What this task involves:
What you return should be only the lines in the entries below between the one holding "Elle Fanning bei" and the one holding "100-man no Inochi", ends included, with every picture left out.

Collection entries
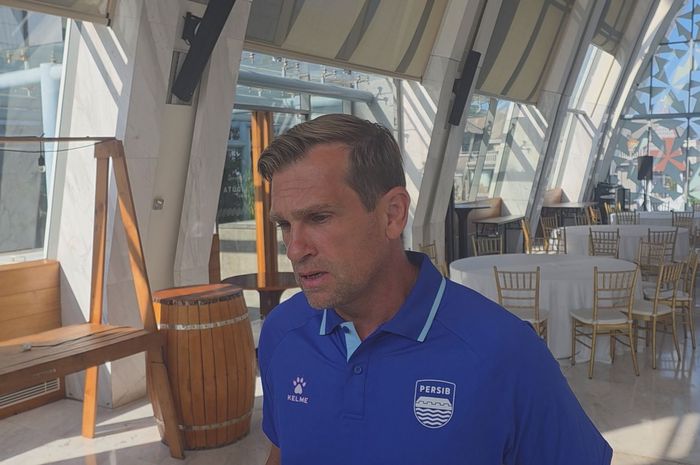 Pelatih Persib Bandung, Igor Tolic puji semangat juang anak asuhnya usai menang comeback atas Bali United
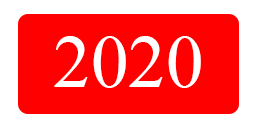 2020 год PNG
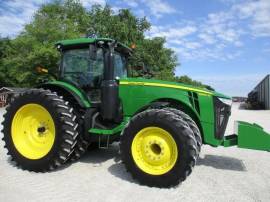 2011 John Deere 8360R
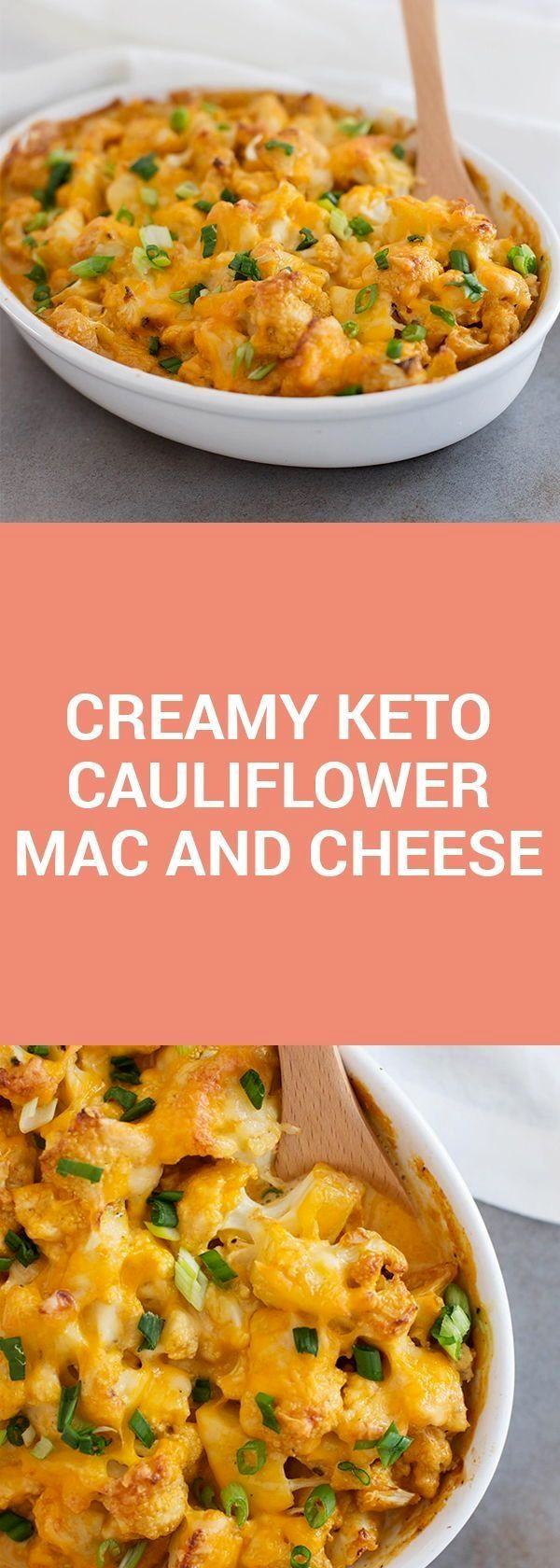 Vegan Keto Mac And Cheese
 e category food keto This baked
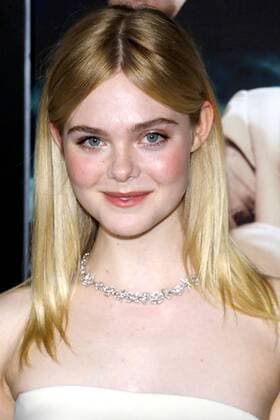 Elle Fanning bei der Live By Night Film Premiere am 9.01.2017 in Hollywood, Los Angeles Live By Night Film Premiere in Los Angeles, 2017 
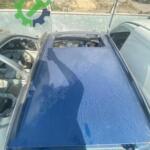 BMW X5 E53 tavan sacı orijinal
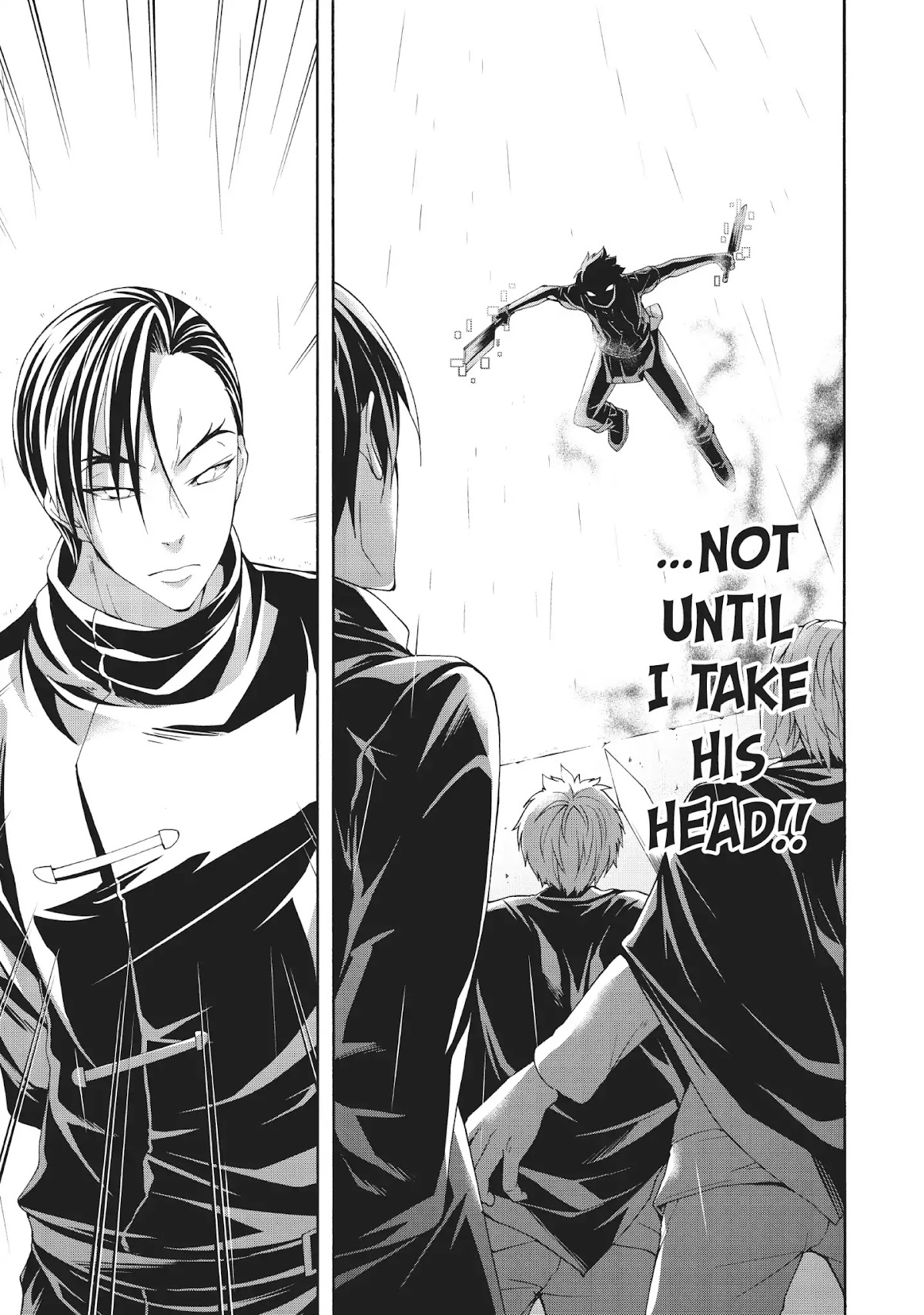 100-man no Inochi no Ue ni Ore wa Tatte Iru chapter 34 page 7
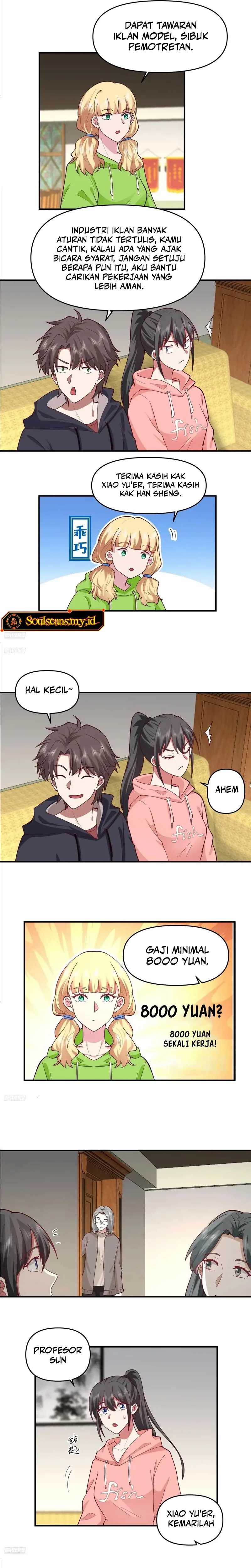 I Really Don’t Want to Be Reborn Chapter 295 Gambar 4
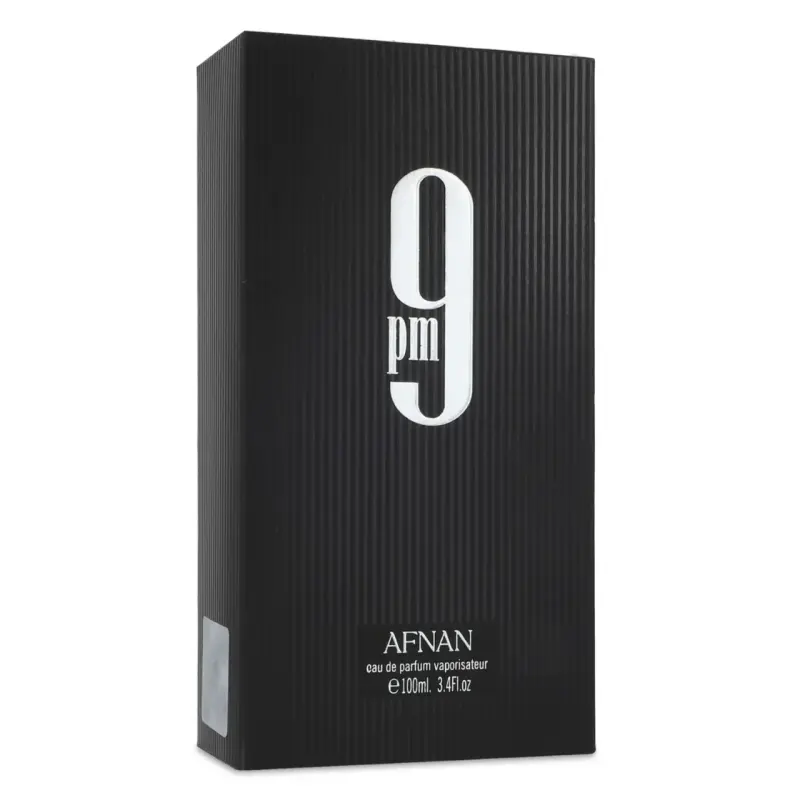 Perfume Afnan 9PM Eau de Parfum 100ml - 3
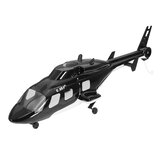 ESKY F150 V2 5CH 2.4G ヘリコプター パーツ キャノピー セット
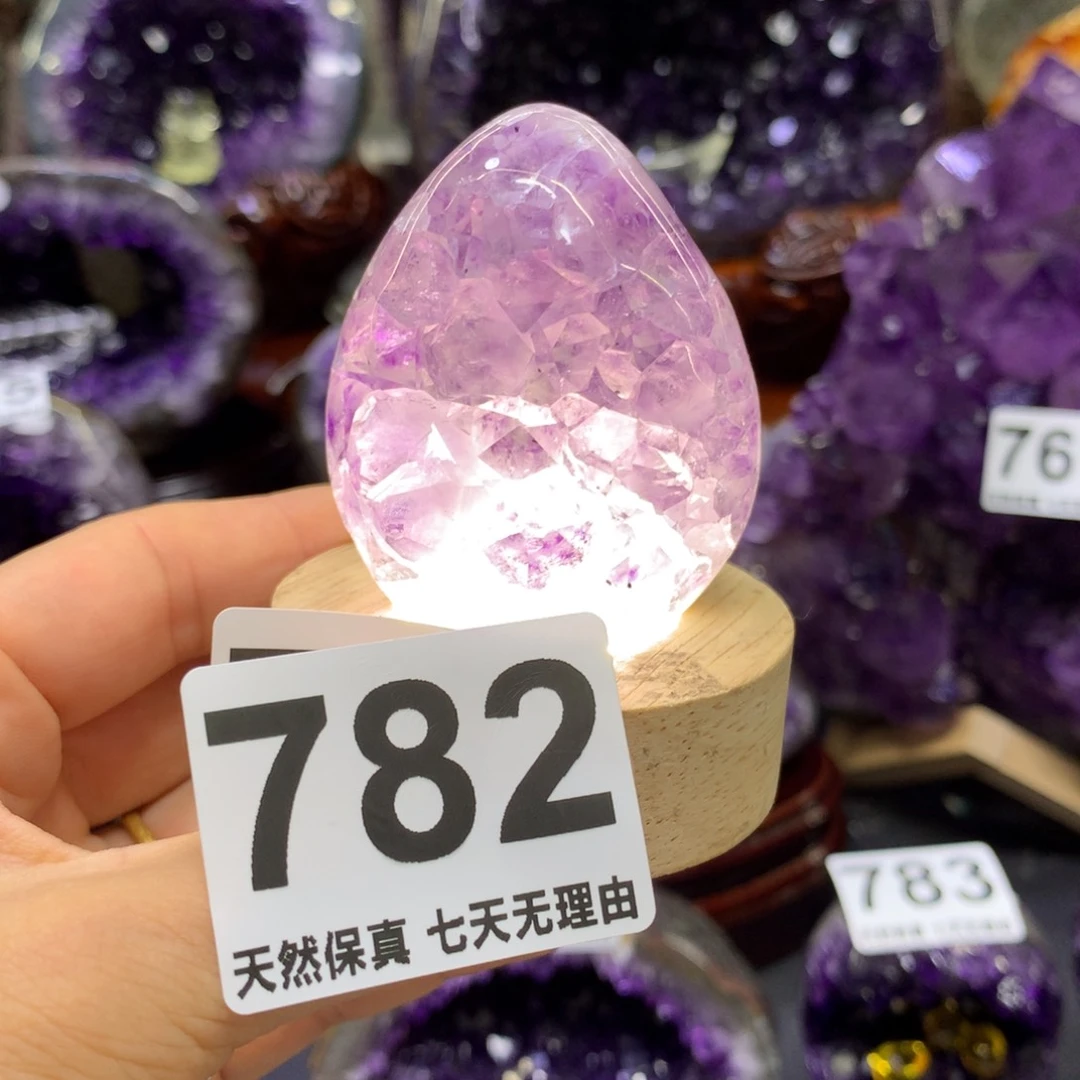 水晶摆件未镶嵌1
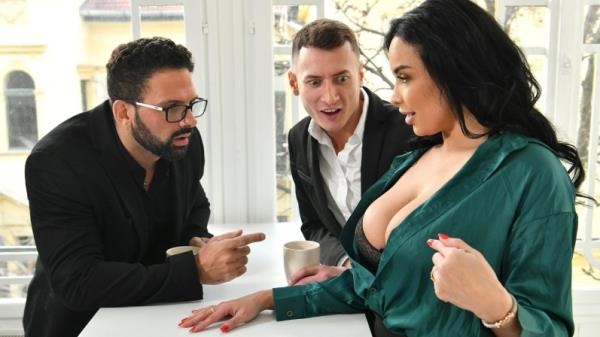 Anissa Kate - Anissa Kate's French Triple Play  Watch XXX Online UltraHD 4K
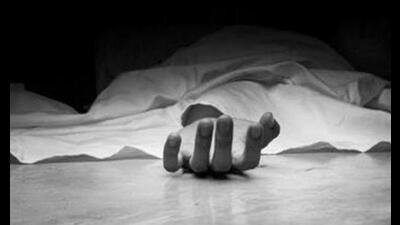 The 26-year-old man died on the spot. (HT Archive)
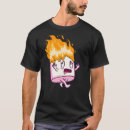 Search for marshmallow on fire tshirts S'mores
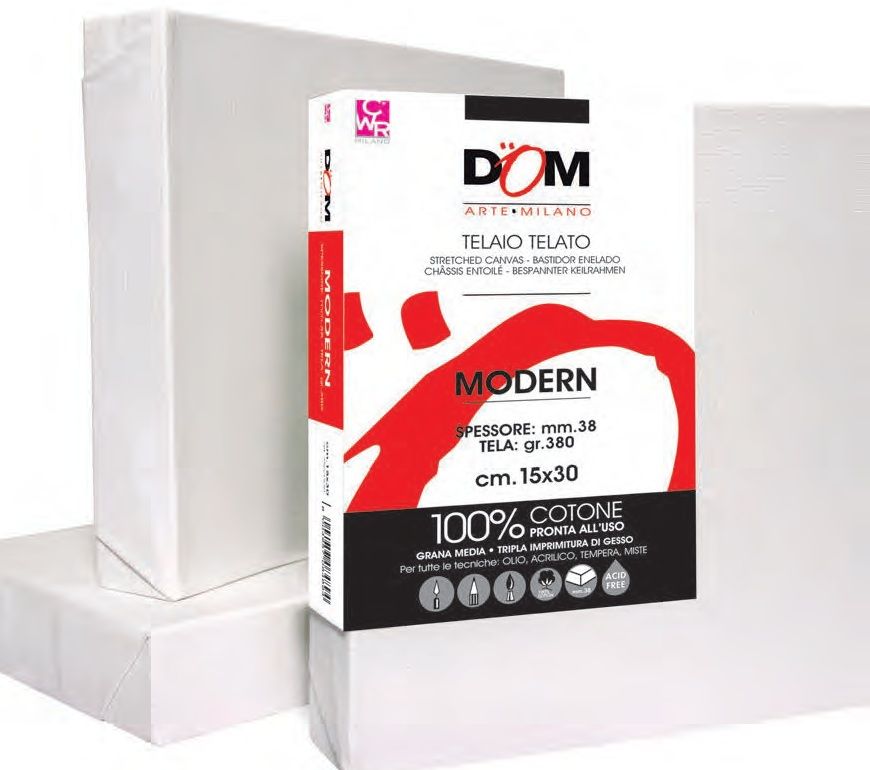 TELA DOM MODERN BORDO mm. 38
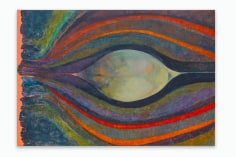 I Am Rainbow, 2020 Oil on canvas 87 x 128 inches (221 x 325 cm)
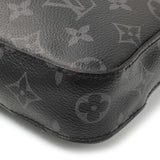 Louis Vuitton Monogram Eclipse Reverse Trio Messenger Handbags Louis Vuitton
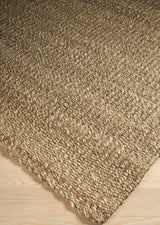 Textured Tan 5' x 7' Rug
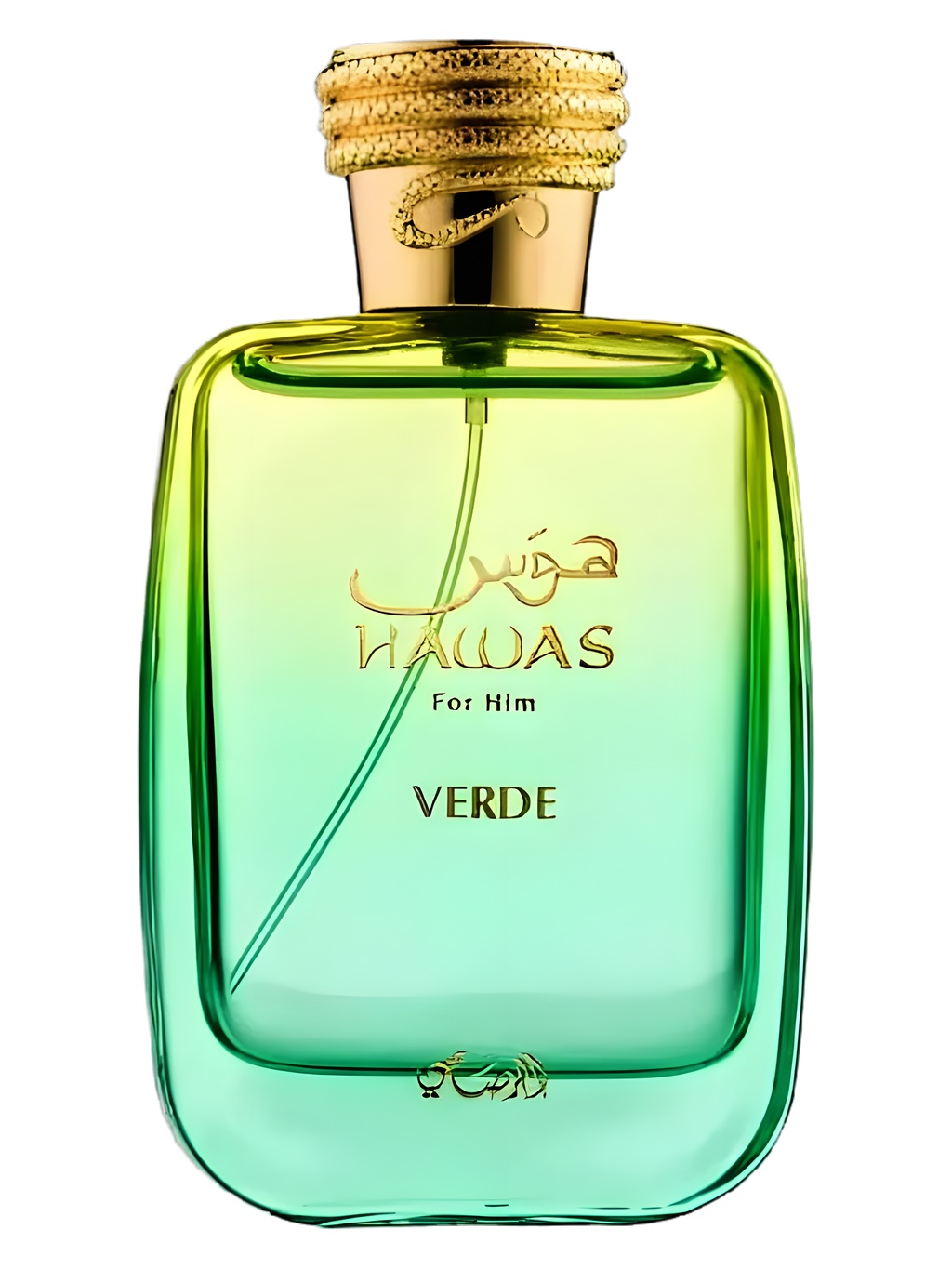 Rasasi-Hawas Verde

Response to this exercise:
 Elle Fanning bei der Live By Night Film Premiere am 9.01.2017 in Hollywood, Los Angeles Live By Night Film Premiere in Los Angeles, 2017 
 BMW X5 E53 tavan sacı orijinal
 100-man no Inochi no Ue ni Ore wa Tatte Iru chapter 34 page 7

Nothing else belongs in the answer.